As soon as the line containing "Creepy Uncle Edgar Meat Hook Head" appears in the material below, start returning lines exactly, and end with the line containing "Cuaderno College 7 mm 80 Hojas Colon".

Given information:
▼
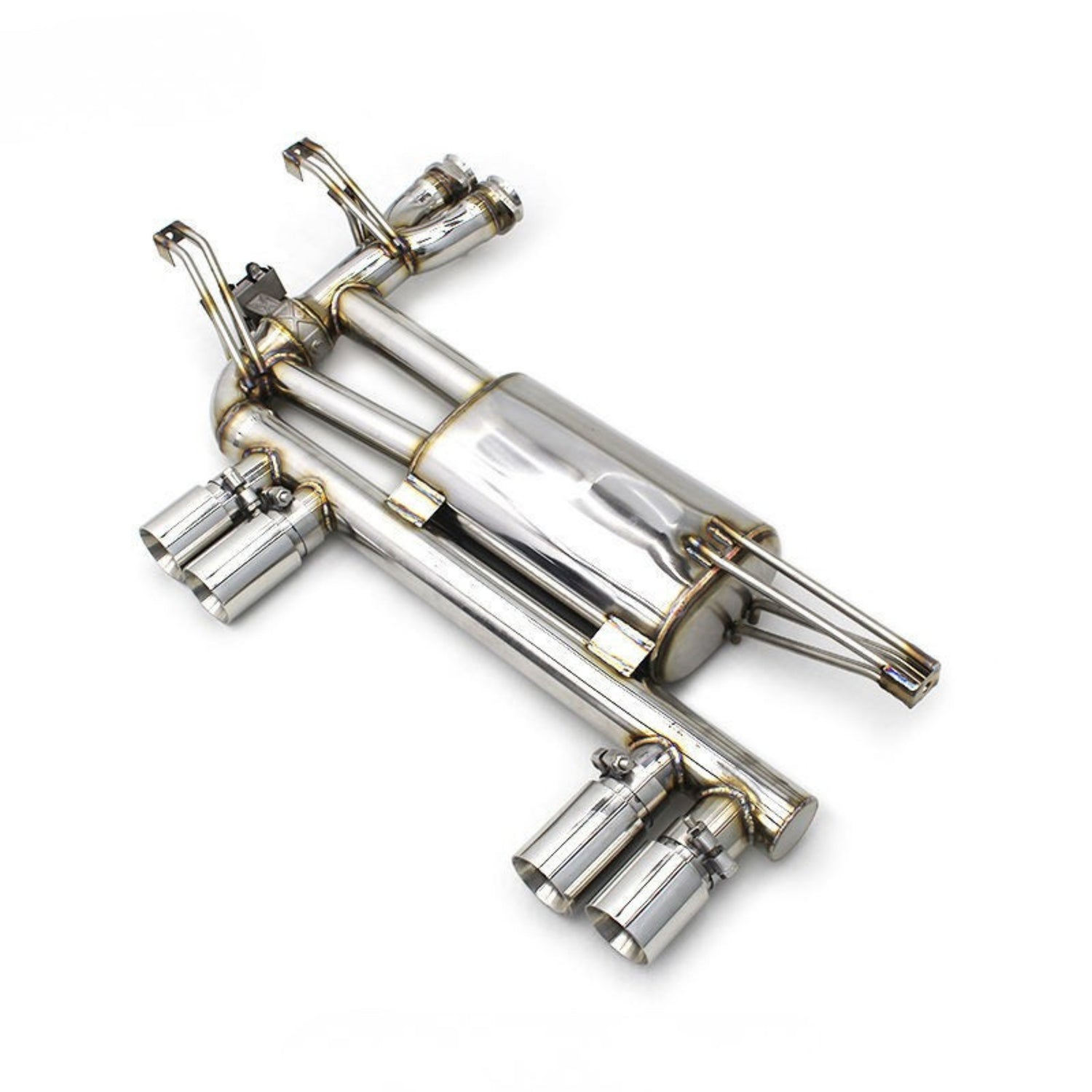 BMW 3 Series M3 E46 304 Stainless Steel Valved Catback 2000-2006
▲
▼
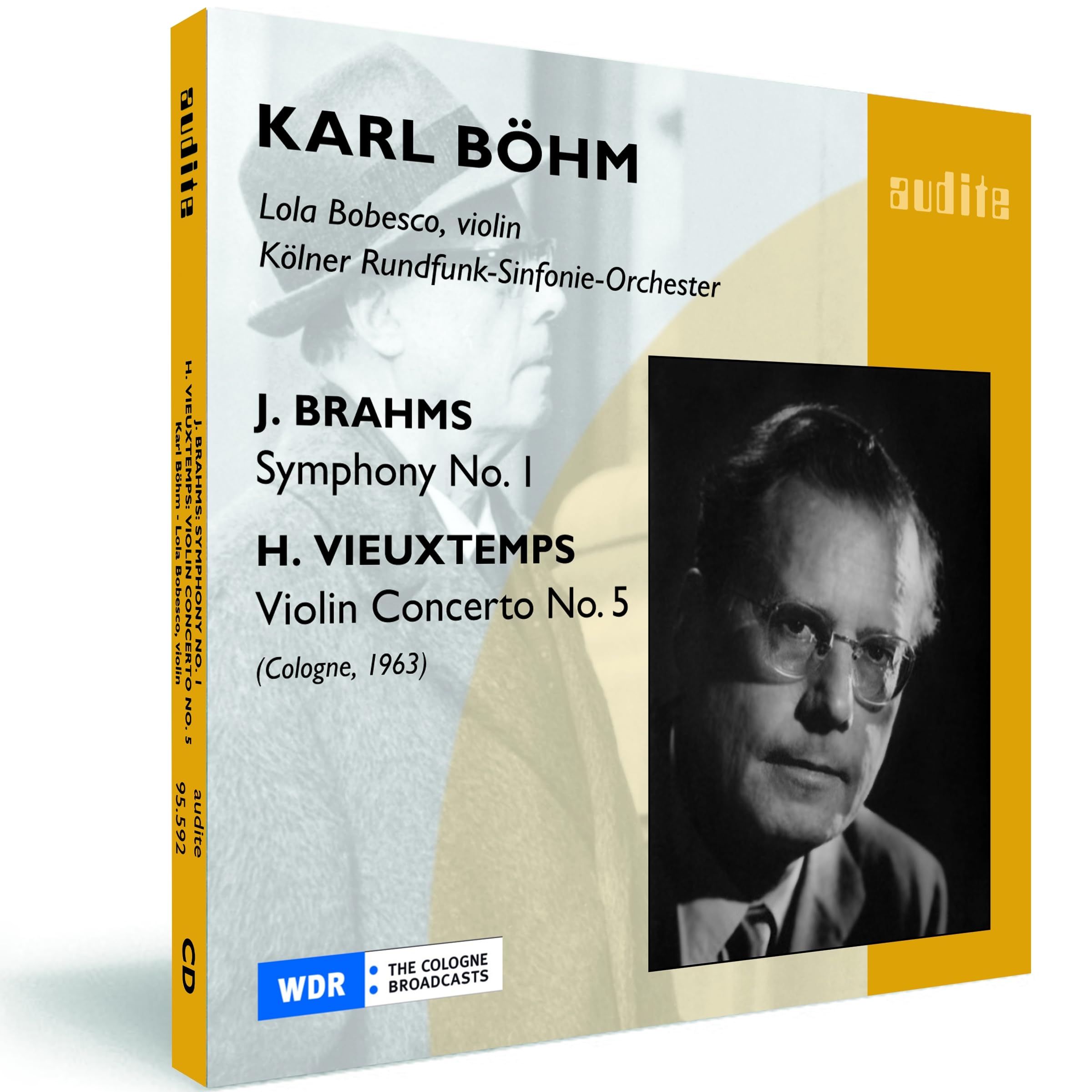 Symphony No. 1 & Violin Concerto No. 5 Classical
▲
▼
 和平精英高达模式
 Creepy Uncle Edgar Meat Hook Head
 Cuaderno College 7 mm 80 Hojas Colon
▲
Written reply:
 Creepy Uncle Edgar Meat Hook Head
 Cuaderno College 7 mm 80 Hojas Colon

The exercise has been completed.